The decision between dual agent or single agent immunotherapy is guided by multiple factors, the experience of the treating oncologist, and patients' informed choice.
The Melanoma Insitute of Australia has an immunotherapy outcomes prediction tool taking into account parameters such as neutrophil/lymphocyte ratio, LDH and types of metastasis. Patients are not often best served by actuarial response and survival statistics, but poor projected outcomes may support clinical consultations and guidance of patients and families towards a more symptom-directed, least-harm approach.
BRAF-MEK inhibition
Two schedules are licensed and NICE-approved, dabrafenib-trametinib and encorafenib-binimetinib. A third-regimen, vemurafenib-cobimetinib, is not recommended by NICE.

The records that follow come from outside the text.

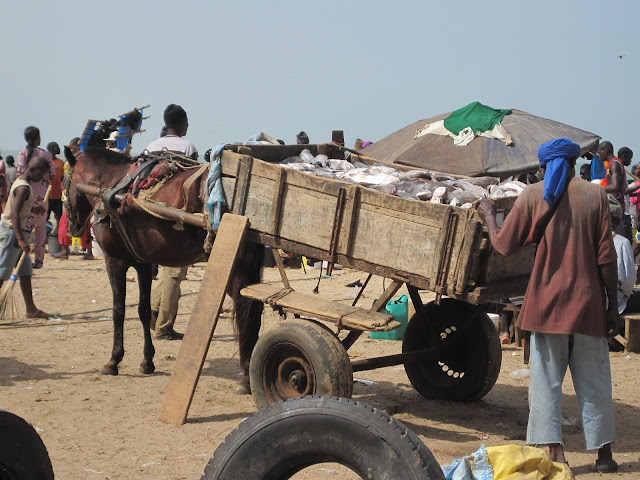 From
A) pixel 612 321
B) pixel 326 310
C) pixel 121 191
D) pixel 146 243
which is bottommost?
pixel 326 310

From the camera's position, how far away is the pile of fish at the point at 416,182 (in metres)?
5.82

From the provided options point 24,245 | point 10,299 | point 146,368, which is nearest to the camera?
point 146,368

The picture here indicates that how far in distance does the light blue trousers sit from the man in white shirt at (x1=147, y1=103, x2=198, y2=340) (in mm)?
4373

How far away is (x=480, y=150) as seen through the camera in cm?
930

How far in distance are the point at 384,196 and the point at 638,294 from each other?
498 centimetres

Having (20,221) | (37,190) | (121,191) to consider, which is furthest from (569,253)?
(37,190)

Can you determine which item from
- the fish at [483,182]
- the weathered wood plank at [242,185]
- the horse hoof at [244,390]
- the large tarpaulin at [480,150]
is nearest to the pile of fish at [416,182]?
the fish at [483,182]

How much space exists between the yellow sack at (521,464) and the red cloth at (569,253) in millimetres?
1207

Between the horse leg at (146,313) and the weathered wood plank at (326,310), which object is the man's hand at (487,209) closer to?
the weathered wood plank at (326,310)

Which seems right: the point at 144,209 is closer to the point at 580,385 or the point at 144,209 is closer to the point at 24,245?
the point at 24,245

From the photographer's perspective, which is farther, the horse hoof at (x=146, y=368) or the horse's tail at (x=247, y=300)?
the horse hoof at (x=146, y=368)

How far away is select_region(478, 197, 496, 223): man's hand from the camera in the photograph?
4930 mm

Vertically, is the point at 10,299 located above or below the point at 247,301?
below

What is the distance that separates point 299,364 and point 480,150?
459cm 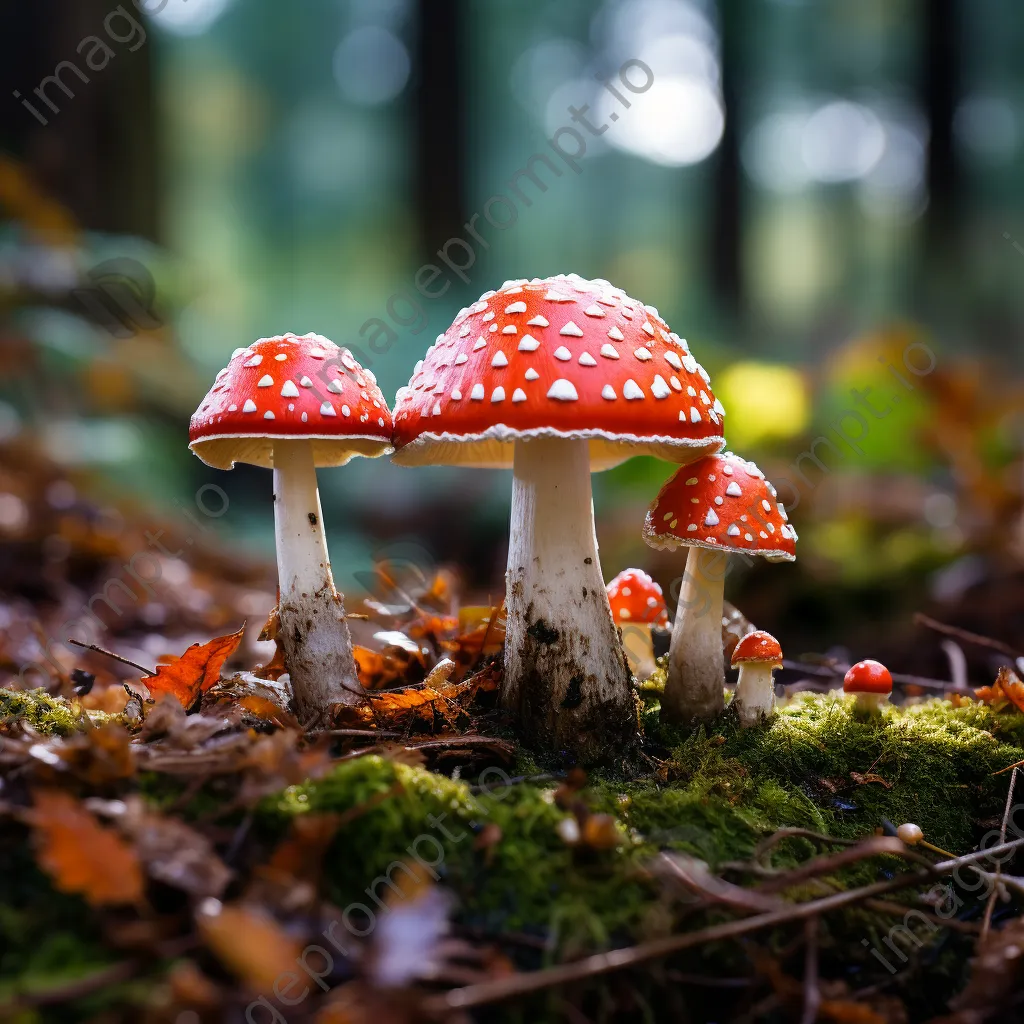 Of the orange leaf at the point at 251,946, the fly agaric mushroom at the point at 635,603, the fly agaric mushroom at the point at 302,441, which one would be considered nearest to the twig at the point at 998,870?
the fly agaric mushroom at the point at 635,603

Within the targeted therapy paradigm, dabrafenib-trametinib is the firstline regimen of choice within the Alliance. Encorafenib-binimetinib can be substituted in if there is dose-limiting toxicity with dabrafenib-trametinib and in the absence of disease progression.
The use of dabrafenib-trametinib and encorafenib-binimetinib are subject to Cancer Drugs Fund access criteria.

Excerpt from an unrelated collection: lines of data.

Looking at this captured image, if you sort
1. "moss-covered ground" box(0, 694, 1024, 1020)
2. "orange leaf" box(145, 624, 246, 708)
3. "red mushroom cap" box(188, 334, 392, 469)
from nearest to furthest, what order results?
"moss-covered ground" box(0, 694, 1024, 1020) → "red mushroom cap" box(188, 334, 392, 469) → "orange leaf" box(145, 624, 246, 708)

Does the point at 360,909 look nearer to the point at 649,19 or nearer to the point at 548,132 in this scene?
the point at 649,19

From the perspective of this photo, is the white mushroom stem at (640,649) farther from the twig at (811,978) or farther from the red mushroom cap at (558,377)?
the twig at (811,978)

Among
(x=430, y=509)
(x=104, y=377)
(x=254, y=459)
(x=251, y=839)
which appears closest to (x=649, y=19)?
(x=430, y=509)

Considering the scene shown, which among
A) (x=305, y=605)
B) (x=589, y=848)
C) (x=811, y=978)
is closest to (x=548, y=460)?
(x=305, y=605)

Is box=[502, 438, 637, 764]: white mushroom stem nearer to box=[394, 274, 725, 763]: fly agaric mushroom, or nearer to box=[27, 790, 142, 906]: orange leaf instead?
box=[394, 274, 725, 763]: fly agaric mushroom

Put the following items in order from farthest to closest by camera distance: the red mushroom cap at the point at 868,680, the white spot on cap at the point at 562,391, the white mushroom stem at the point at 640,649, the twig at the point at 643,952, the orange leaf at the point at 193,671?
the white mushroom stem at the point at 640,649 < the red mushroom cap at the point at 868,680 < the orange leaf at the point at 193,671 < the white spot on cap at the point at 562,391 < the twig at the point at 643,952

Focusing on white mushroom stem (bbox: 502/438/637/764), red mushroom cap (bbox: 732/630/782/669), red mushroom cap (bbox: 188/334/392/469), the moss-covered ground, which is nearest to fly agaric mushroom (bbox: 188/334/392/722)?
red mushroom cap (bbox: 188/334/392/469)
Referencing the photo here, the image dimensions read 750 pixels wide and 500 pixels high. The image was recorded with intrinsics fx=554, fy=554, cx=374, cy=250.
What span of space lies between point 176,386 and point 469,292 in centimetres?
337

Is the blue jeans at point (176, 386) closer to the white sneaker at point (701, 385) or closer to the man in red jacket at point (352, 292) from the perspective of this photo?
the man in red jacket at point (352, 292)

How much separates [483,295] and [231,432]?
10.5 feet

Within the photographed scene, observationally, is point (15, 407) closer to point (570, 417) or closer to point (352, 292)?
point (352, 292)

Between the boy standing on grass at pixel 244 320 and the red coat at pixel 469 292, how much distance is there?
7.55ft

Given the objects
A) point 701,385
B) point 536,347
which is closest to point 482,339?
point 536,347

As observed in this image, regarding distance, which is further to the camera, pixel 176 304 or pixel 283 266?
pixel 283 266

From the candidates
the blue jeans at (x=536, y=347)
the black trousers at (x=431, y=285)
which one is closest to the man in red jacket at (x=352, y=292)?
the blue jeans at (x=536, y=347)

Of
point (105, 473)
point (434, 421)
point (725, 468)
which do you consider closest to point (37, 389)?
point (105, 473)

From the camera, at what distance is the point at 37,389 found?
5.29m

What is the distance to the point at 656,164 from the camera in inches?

MEK inhibition has been shown to severely impair wound healing in a preclinical model. In distinction, BRAF inhibition alone may accelerate wound healing. Alliance practice is to suspend MEK inhibition from seven days prior to any planned surgery. It is restarted at seven days after surgery if there are no wound complications.
Metastases to the central nervous system
In development
Optimising immunotherapy
Physical activity
In development
Microbiome
In development
Vitamin D
In development
Psychological support
In development
Concomitant medications
Antihistamines. In a chart review of concomitant medications in patients receiving immunotherapy at the MD Anderson, among 40 common drugs, second generation or HRH1-specific antihistamines were significantly correlated with better survival. Supportive mechanistic studies were performed. HRH1-specific antihistamines include fexofenadine, loratidine and cetirizine. In a Swedish registry study, use of desloratidine and loratidine was associated with better survival in immunogenic tumours. Pragmatically, it is suggested that patients suffering with dermatitis and other allergic-type symptoms during immunotherapy should be strongly considered for an oral antihistamine alongside other standard symptomatic measures.
Adverse effect management
In development
Special situations
Desmoplastic melanoma
Sentinel lymph node biopsy is not normally performed in pure desmoplastic melanoma.

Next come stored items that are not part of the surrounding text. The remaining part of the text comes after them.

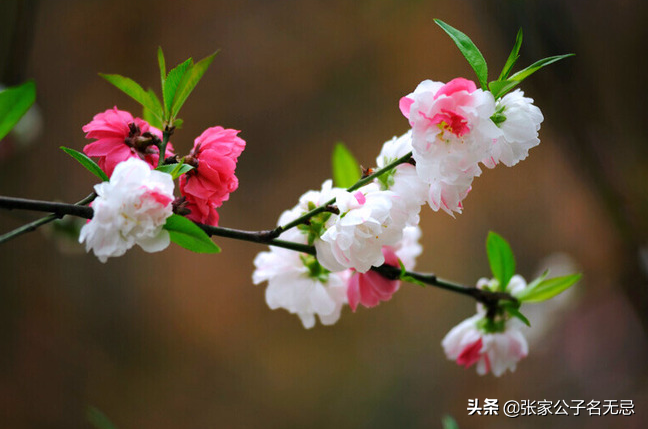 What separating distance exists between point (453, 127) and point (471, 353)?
13.6 inches

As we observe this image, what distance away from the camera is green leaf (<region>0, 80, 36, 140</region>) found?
44cm

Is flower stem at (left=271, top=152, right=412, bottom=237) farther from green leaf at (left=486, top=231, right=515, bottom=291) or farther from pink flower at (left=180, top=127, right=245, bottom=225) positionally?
green leaf at (left=486, top=231, right=515, bottom=291)

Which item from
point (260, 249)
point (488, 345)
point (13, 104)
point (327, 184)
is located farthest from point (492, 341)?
point (260, 249)

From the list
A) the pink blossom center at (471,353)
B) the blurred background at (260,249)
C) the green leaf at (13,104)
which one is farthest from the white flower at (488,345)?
the blurred background at (260,249)

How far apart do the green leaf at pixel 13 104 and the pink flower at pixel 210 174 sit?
128mm

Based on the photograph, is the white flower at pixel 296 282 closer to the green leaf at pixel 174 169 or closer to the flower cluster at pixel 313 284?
the flower cluster at pixel 313 284

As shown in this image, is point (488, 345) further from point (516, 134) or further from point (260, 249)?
point (260, 249)

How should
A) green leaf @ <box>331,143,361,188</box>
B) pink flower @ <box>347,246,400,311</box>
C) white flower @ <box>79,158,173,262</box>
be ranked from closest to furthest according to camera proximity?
white flower @ <box>79,158,173,262</box>, pink flower @ <box>347,246,400,311</box>, green leaf @ <box>331,143,361,188</box>

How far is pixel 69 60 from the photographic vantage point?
2.24 meters

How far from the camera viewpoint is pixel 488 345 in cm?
65

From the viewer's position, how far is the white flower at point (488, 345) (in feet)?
2.13

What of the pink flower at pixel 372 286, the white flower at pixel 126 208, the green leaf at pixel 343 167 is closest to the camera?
the white flower at pixel 126 208

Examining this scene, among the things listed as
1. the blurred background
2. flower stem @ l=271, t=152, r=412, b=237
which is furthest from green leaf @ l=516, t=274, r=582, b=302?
the blurred background

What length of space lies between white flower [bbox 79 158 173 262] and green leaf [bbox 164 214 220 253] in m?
0.02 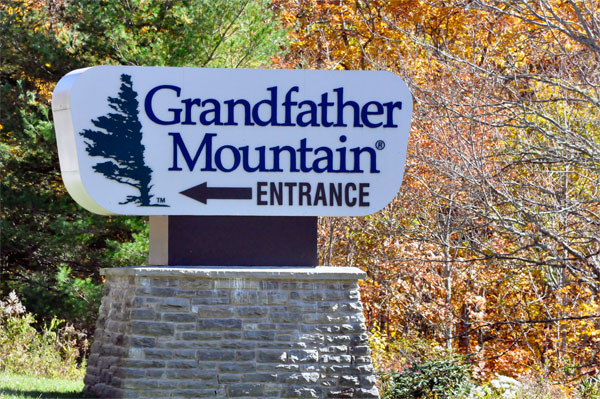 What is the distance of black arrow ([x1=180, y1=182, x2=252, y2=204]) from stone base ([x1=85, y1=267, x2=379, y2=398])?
79 cm

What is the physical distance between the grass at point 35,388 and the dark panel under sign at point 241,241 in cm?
199

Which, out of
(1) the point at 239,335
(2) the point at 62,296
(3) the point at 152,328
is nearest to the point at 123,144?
(3) the point at 152,328

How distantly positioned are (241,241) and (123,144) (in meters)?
1.69

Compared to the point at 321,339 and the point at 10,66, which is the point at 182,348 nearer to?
the point at 321,339

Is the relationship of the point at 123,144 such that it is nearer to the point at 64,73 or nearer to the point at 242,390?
the point at 242,390

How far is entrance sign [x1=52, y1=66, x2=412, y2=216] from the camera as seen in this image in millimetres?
10164

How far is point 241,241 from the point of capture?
34.7 ft

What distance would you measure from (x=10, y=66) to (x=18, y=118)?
1.53 m

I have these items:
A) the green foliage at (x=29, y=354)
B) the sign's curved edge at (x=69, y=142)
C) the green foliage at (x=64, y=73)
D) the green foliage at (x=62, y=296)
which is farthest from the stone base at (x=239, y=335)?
the green foliage at (x=62, y=296)

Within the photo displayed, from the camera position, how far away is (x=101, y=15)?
16.7 m

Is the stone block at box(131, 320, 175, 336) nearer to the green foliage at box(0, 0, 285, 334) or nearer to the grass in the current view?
the grass

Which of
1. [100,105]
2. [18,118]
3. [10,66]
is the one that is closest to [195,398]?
[100,105]

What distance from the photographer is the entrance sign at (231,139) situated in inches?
400

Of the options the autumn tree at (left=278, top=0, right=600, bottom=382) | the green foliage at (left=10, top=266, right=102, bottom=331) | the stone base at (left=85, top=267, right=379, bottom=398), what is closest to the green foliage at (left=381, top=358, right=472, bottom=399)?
the stone base at (left=85, top=267, right=379, bottom=398) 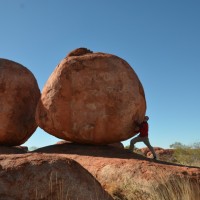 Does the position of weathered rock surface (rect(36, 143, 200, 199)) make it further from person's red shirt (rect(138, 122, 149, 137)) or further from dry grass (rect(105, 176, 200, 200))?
person's red shirt (rect(138, 122, 149, 137))

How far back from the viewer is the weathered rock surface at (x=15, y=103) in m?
12.5

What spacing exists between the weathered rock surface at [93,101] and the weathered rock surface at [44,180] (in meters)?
5.51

The role of adjuvant radiotherapy after resection of desmoplastic melanoma is contentious. A retrospective review of 277 patients found that in patients with positive resection margins, the rate of recurrence was 14% in those who received radiotherapy versus 54% in those who did not. In patients with negative margins and high risk features including head and neck location, Breslow thickness >4mm, radiotherapy was found to significantly improve local control. In a single arm phase II study, patients with margin-negative desmoplastic melanoma recieved radiotherapy, 30Gy in five fractions, to the operative bed with 2-3 cm margins. 2/10 showed local relapse within 2 years of treatment. A case review found no difference in median survival between patients who received radiotherapy versus those who did not. Another retrospective study found no difference in survival up to five years, except in those with margin-positive tumours. Of note, desmoplastic melanoma shows a high response rate to PD-1 blockade and therefore salvage immunotherapy on inoperable relapse, or adjuvant immunotherapy after local recurrence, may represent a more tailored approach.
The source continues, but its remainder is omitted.